Crash on Computing cross validation

Hi CP developers,

I am getting an error “typeError: 'NoneType” object is not iterable. It seems from the error message that the cross validation computation is trying to iterate a variable that is not the correct integer or float datatype. I have not seen this specific error before but the cross validatation function does complain about a missing logo file quite often. Has anyone seen this bug and how do I fix it? Thanks!

Hrm, just guessing here, but it may be that there are NULL values in one or more of your measurement columns. I’m not sure if the cross-validation is robust against them.

CPA has a SQL query maker tool under the “advanced” menu that’ll let you check for this. If you’re not familiar with SQL, then you can send me your classifier rules and the name of your per-object table and I should be able to give you a query to try.

Hi Adam,

I am experiencing this cross validation crash and the previously described “IndexError: list index out of range” with the new version of CPA. Why is this happening since I used the same version of CPA to correctly classify a PR stain just last week?

Where is the “IndexError: …” previously described? I don’t know what you’re referring to.

Classification and cross-validation follow two different code paths, one could throw an error while the other works fine.

In my experience, if CPA is working fine, and then we use it to perform the same task on new data, I first look at the data.

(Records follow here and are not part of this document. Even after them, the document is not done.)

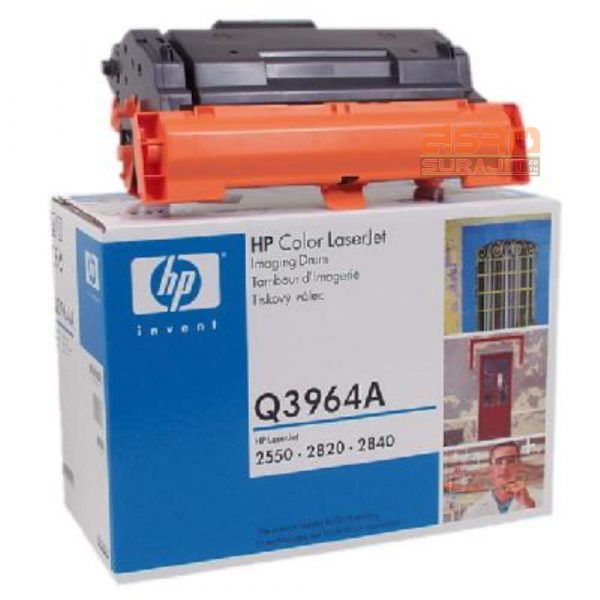 HP-Q3964A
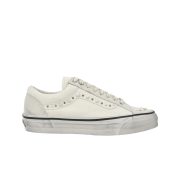 Vans LX Old Skool 36 Pearlized Marshmallow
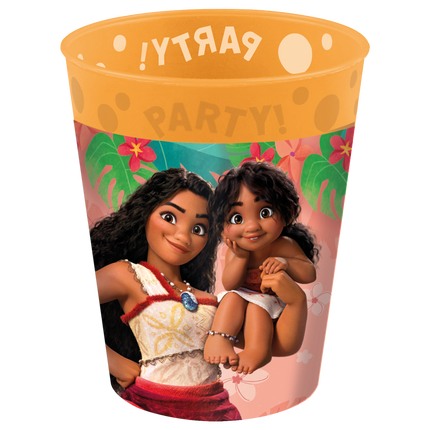 Coppe Moana 250ml 4pz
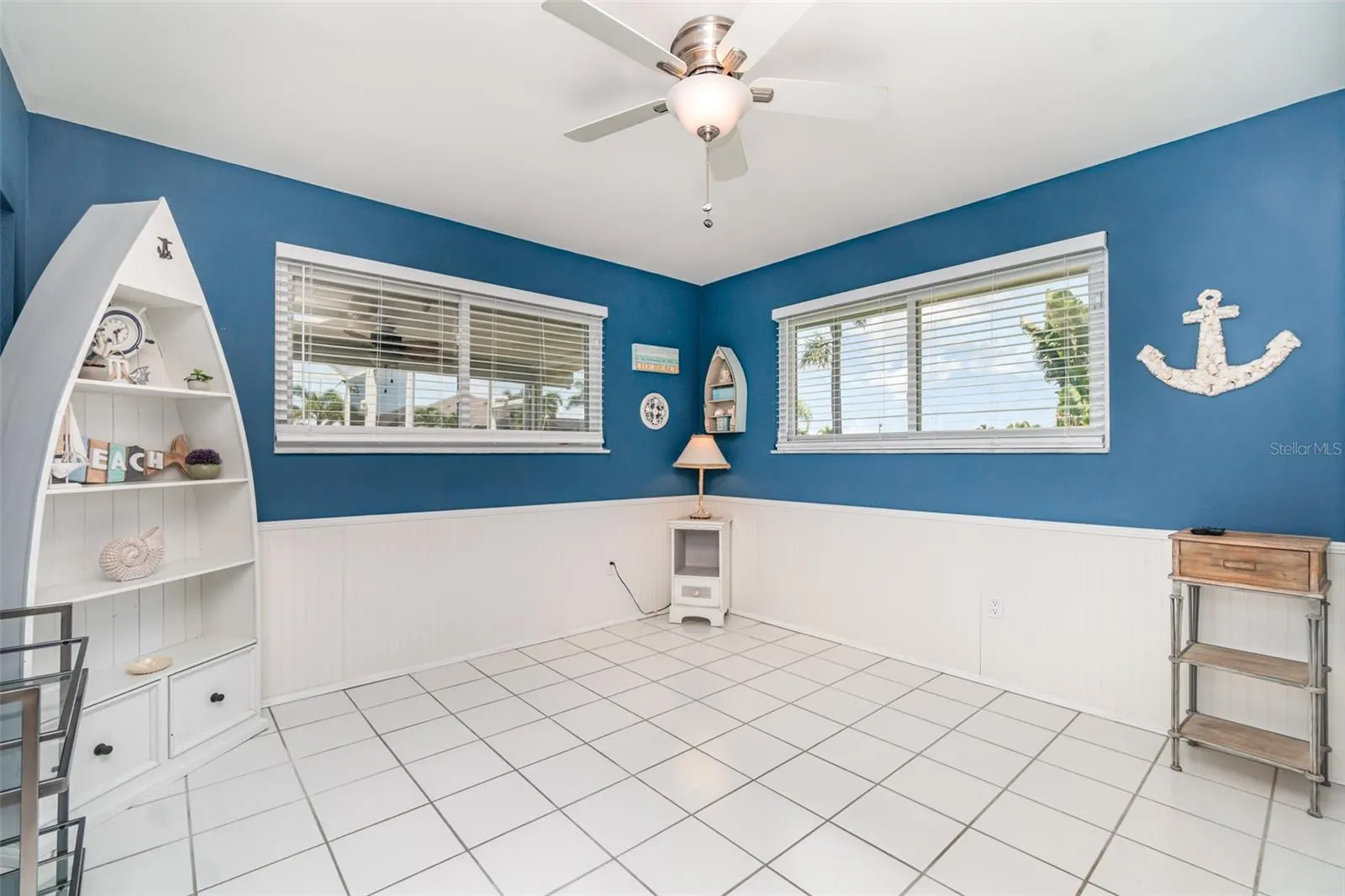 1506 SAN MARINO CT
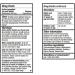HealthA2Z Mucus Relief 400mg | Guaifenesin Expectorant | Immediate Release | Benzene-Free | 150 Counts - International Shipping Available - Buy Online on GoSupps.com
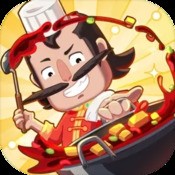 QQ飞车官网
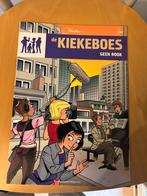 Merho - Geen rook, Boeken, Ophalen of Verzenden, Merho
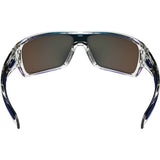 Oakley Turbine Rotor Men's Lifestyle Sunglasses-OO9307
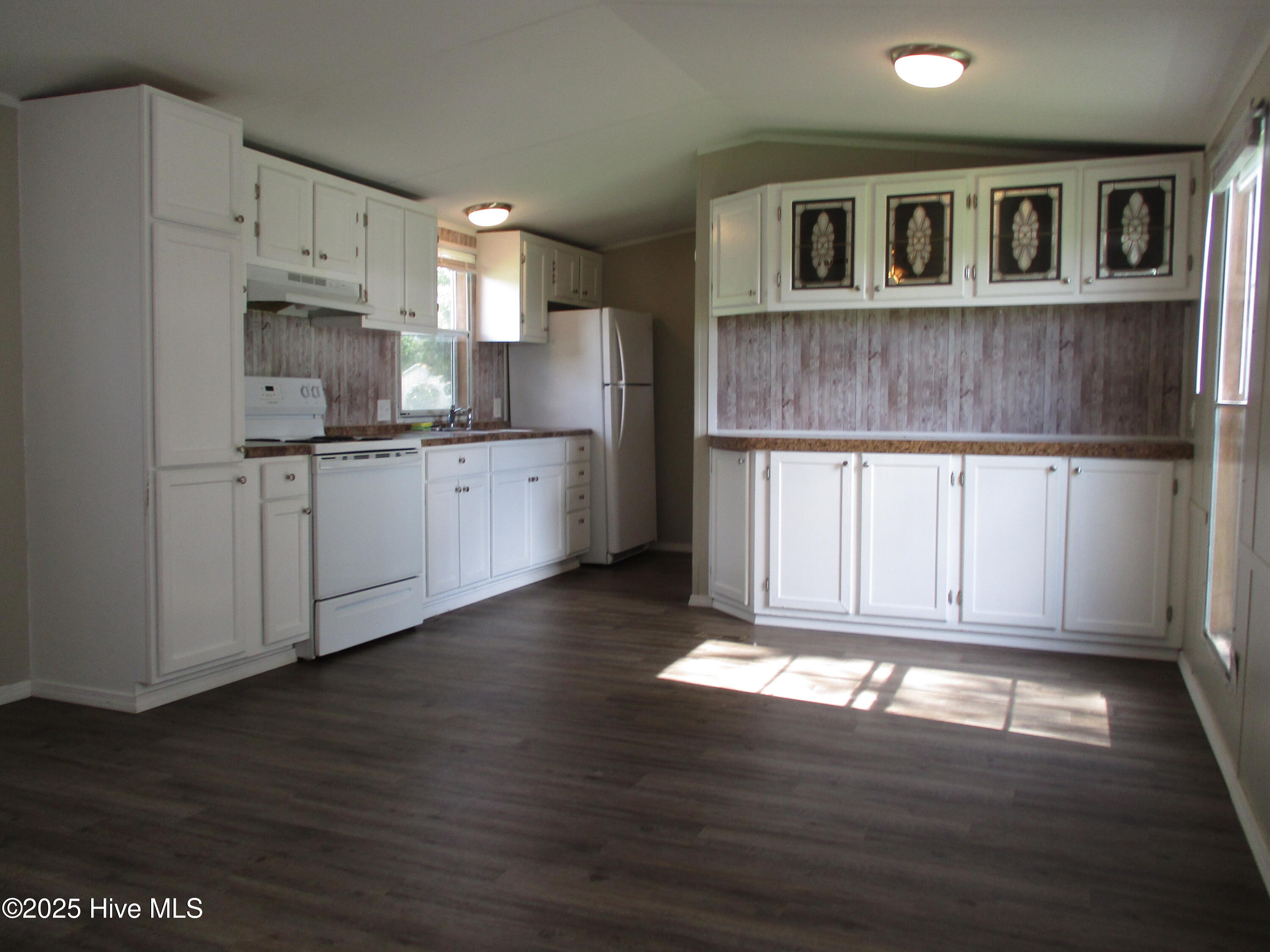 104 McCausley Road, Unit LOT 3 Hubert, NC 28539 - Photo 3 of 7 IMG_0100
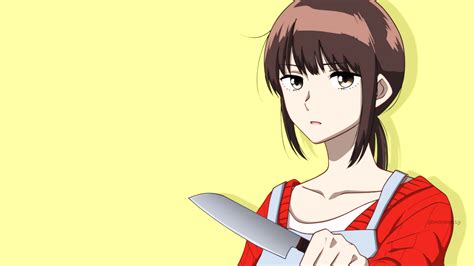 Chihiro Fukuyama - Yaiteru Futari by MorieArts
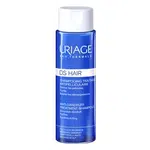 Uriage DS Hair Anti-Dandruff Treatment Shampoo čisticí šampon proti lupům 200 ml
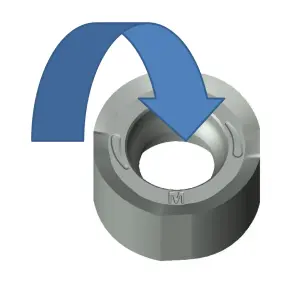 CATEGORY_IMAGE_ALT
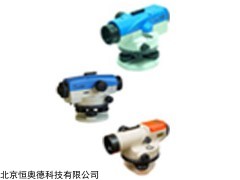 NAL系列 自动安平水准仪   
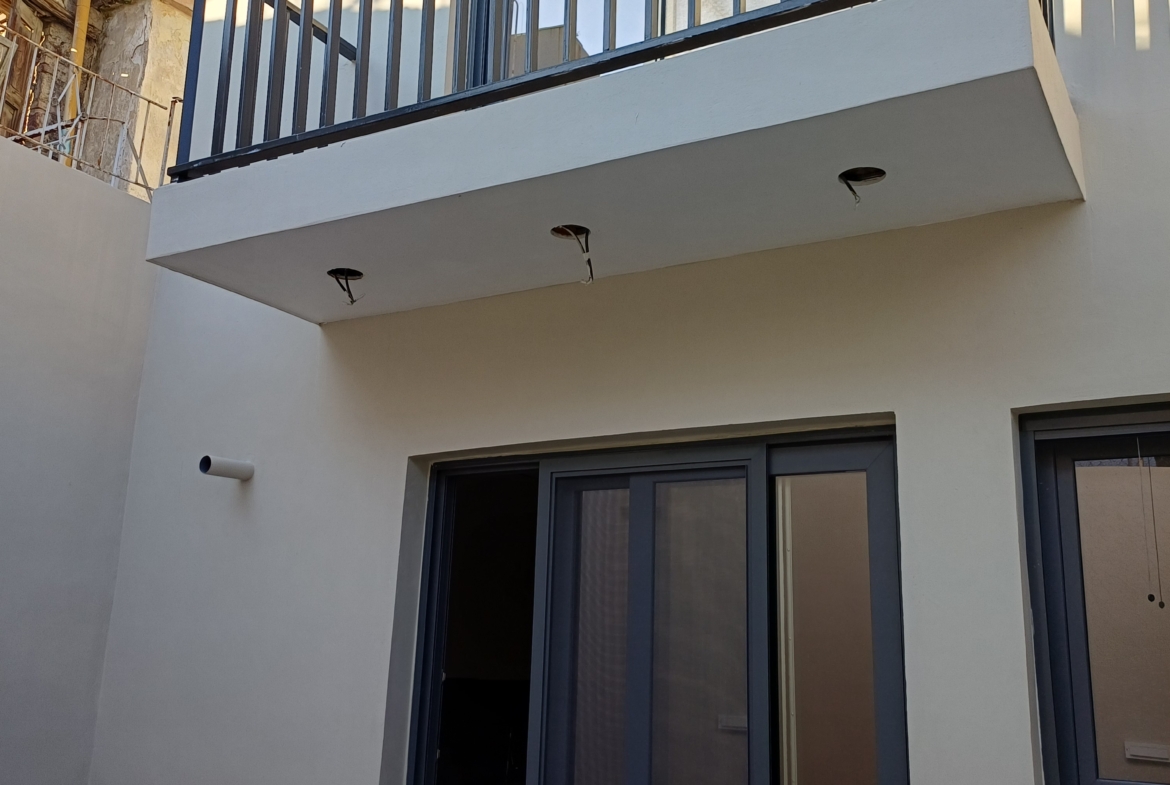 Πώληση Μονοκατοικίας Βουναράκι Αγγελία 17503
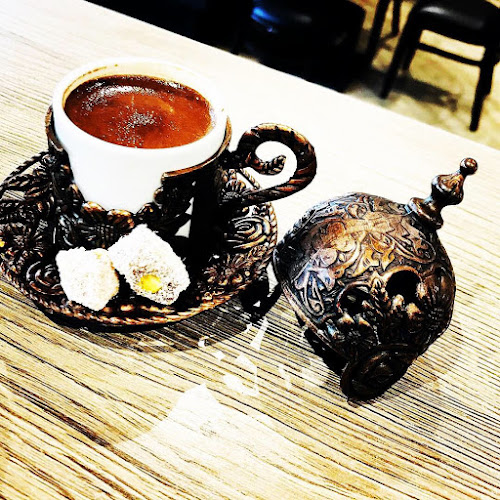 Taha’s - Leobendorf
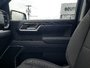 2026 Chevrolet Silverado 1500 LT-19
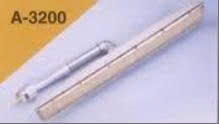 Đầu đốt hồng ngoại tuyến A-3200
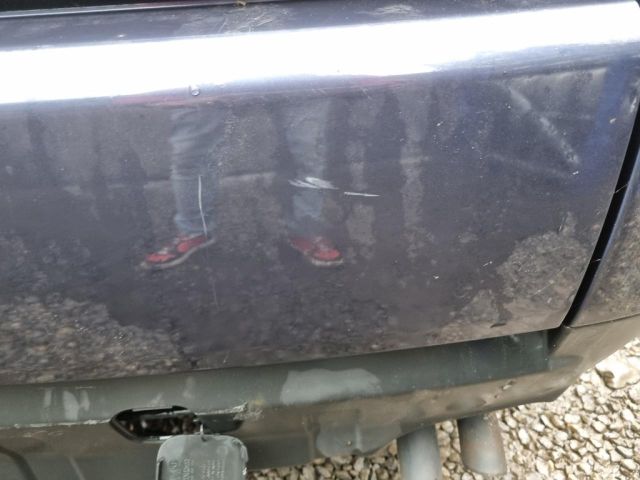 bontott PEUGEOT 4007 Plató Ajtó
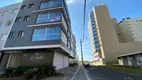 Foto 22 de Apartamento com 2 Quartos à venda, 65m² em Centro, Tramandaí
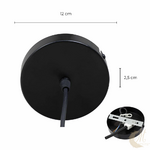 suspension-amicia-corde-naturelle-mesures-2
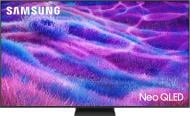 Телевизор Samsung QE75QN80FAUXUA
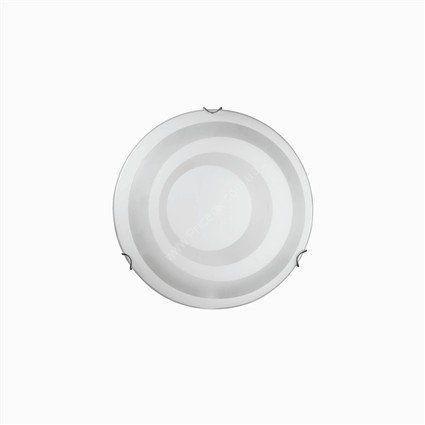  Ideal Lux · Dony 1/dony 2 · DONY PL2
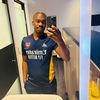 thobanesibusisogc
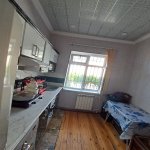 Satılır 3 otaqlı Həyət evi/villa Xırdalan 21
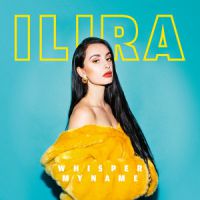 ILIRA - Do it yourself
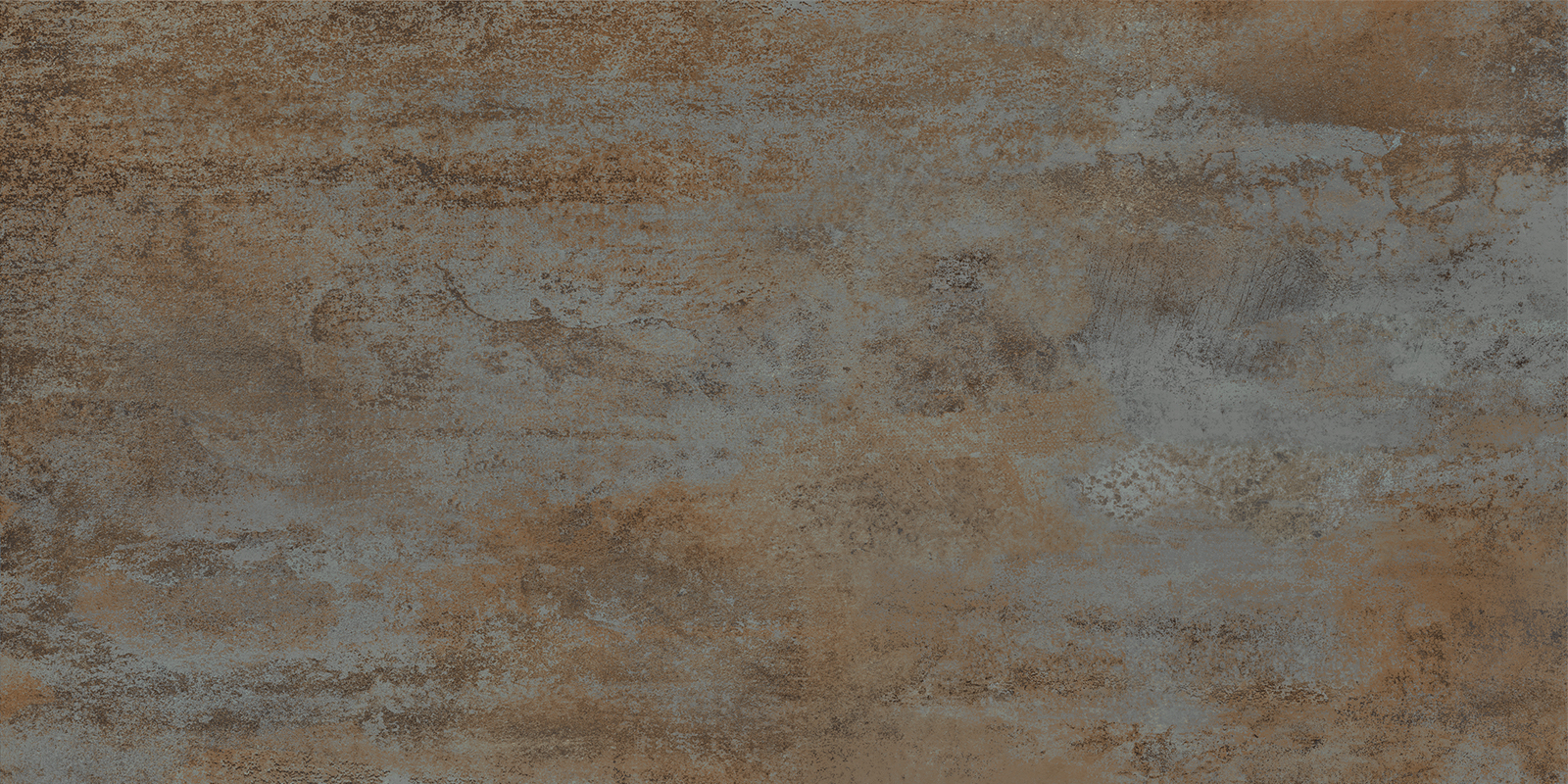 Керамический гранит Alma Ceramica Oxide лаппатированная 60х120 GFU60120OXD40L в Уфе — купить с доставкой | Nova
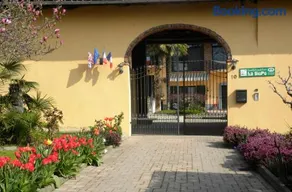 Bed&Breakfast La Siepe - Image 1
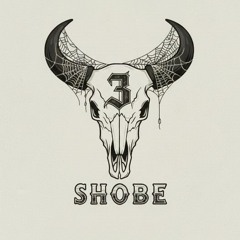 Shobe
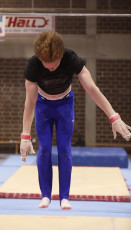 2023-12-10 Warm-up Men Jeunes Espoirs and Open Horizontal bar at CGC Bettembourg 2023 (Martin Rulsch) 153
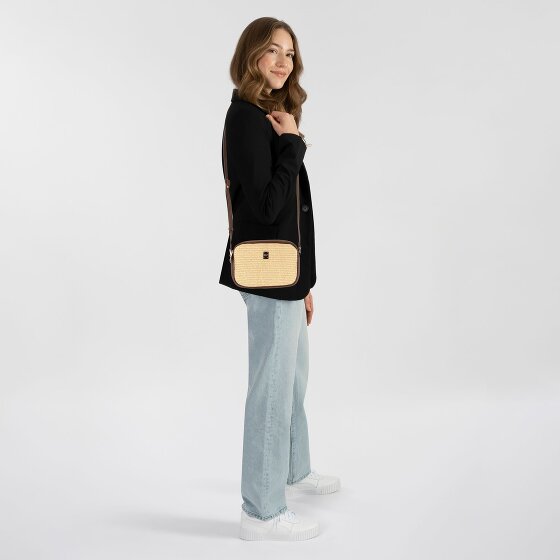 Replay Borsa a tracolla 23 cm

I was referring to a past post titled “IndexError in CPA”. I have this issue it seems. The exact error message is:

An error occurred in the program:
IndexError: list index out of range

Traceback (most recent call last):
File “classifier.pyc”, line 1035, in ScoreAll
File “fastgentleboosting.pyc”, line 151, in PerImageCounts
File “multiclasssql.pyc”, line 214, in PerImageCounts
File “multiclasssql.pyc”, line 181, in do_by_steps
File “multiclasssql.pyc”, line 164, in where_clauses

OK, after some searching I found the post you’re referring to and it looks like the problem was due to NULL values in their database.

This brings us back to my first question which is: Where are the NULL values in your database? If we know where they are, then we can begin to understand the problem.

Hi Adam,

I am still getting this error with one of the image sets using an identical pipeline. Could you look at the output data table to see why I get a IndexError: list index out of range if I post it? Could I maybe have too many primary object per image? I have been able to score individual images but the check progress and score all buttons lead to a crash.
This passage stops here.